_YOUR GOAL_. Copy out again, unchanged, the listing below from the line that has "Homestay Mas Teixidor, Masia" through the line that has "Barbara Wussow: Mit".

_MATERIAL FOR THIS EXERCISE_.
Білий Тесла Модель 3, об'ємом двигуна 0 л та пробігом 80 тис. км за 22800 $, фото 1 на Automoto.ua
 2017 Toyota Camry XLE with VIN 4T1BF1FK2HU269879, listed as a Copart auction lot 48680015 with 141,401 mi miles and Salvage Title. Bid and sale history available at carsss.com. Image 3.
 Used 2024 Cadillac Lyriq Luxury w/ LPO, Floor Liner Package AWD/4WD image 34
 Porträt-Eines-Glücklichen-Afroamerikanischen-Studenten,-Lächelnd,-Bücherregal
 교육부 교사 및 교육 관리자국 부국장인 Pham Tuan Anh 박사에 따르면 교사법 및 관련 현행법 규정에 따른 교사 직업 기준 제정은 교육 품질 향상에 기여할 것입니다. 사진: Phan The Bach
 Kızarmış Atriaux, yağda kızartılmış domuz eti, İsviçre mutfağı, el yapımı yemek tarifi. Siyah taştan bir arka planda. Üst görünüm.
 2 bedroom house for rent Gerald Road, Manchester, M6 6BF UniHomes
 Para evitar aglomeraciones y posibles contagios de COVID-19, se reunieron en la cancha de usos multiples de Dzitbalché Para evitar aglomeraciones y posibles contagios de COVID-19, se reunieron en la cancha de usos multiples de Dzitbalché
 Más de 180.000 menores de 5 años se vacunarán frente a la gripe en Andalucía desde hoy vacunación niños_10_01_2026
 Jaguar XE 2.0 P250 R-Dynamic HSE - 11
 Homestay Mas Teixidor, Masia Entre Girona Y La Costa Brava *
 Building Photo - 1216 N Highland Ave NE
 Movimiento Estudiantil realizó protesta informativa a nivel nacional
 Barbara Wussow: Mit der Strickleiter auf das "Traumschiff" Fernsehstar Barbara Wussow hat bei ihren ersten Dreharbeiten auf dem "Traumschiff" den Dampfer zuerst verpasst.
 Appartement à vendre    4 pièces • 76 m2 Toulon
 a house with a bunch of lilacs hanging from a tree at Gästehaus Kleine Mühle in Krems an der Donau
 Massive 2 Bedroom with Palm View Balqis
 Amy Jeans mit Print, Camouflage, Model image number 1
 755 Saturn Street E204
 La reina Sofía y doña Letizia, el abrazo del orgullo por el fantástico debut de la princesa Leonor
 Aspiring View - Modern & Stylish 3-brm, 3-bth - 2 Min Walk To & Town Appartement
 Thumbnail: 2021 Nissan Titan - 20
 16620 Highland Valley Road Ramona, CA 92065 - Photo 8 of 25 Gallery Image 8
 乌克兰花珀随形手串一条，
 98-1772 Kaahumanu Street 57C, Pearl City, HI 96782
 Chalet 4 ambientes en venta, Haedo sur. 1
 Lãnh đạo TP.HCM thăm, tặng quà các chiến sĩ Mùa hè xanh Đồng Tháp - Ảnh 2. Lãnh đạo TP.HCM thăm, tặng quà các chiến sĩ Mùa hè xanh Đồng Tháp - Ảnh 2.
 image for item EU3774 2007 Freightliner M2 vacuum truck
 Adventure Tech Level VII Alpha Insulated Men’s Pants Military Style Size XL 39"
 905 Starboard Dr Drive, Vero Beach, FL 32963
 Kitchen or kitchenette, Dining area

_EXERCISE RESULT_.
 Homestay Mas Teixidor, Masia Entre Girona Y La Costa Brava *
 Building Photo - 1216 N Highland Ave NE
 Movimiento Estudiantil realizó protesta informativa a nivel nacional
 Barbara Wussow: Mit der Strickleiter auf das "Traumschiff" Fernsehstar Barbara Wussow hat bei ihren ersten Dreharbeiten auf dem "Traumschiff" den Dampfer zuerst verpasst.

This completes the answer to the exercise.